Since we started this weird hobby, we keep discovering new and exciting psychogeographical alleys to wander up. Manchester seems to be strangely full of people doing this stuff. So the latest new adventure was Urban Earth. The idea is to have people walk across big urban areas, taking a photo every eight paces and then stitching them all together into a big video montage of the journey. The routes are planned by some clever computer algorithm thing so that they take in a representative mix of the city’s affluence and deprivation. It’s all a bit strange and we approve.

So this last weekend, a bunch of people got together at teatime on Saturday on the North edge of Manchester, and walked across the city through the night, aiming to arrive near the airport in the South at sunrise on Saturday.  We joined in, but we were both a bit too lazy to do the whole thing. Marie made it to Blackley – very near Boggart Hole Clough – and I made it to the city centre, before leaving them to it.

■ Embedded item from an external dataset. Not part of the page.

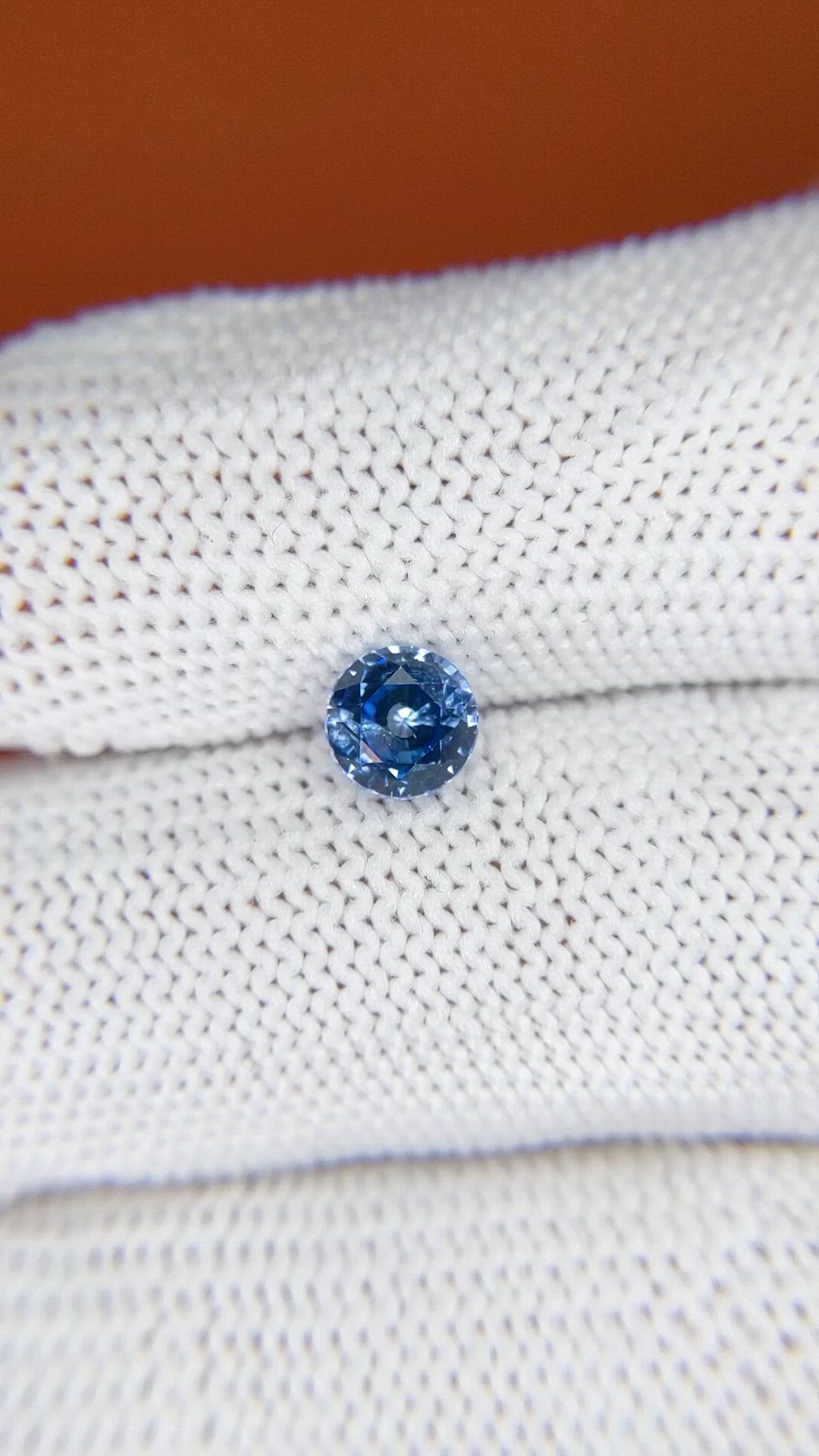 1.05 Ct. Blue Sapphire from Ceylon (Sri Lanka) Size Video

It was a very interesting and different experience. Our fellow walkers were all lovely. The route took us through lots of quiet residential areas and strange alleys, even less likely places to visit than we would normally choose. The demands of taking a photo every eight paces and working to a schedule meant that we were moving along very briskly, rather than drifting whimsically wherever we fancied.

The really striking thing was the way people reacted. You’d have thought it wouldn’t be that unusual for a bunch of people to wander through the city streets on an evening, carrying rucksacks and reading a map. But we attracted crowds of kids and loads of people asking what we were doing. It was fun to tell them we were heading for the airport, but I particularly enjoyed telling little kids that we were going on an adventure.

It really brought home the fact that cities expect and enforce certain, limited behaviours and routines. Do something even slightly out of the ordinary, and you attract attention and discover exciting new things.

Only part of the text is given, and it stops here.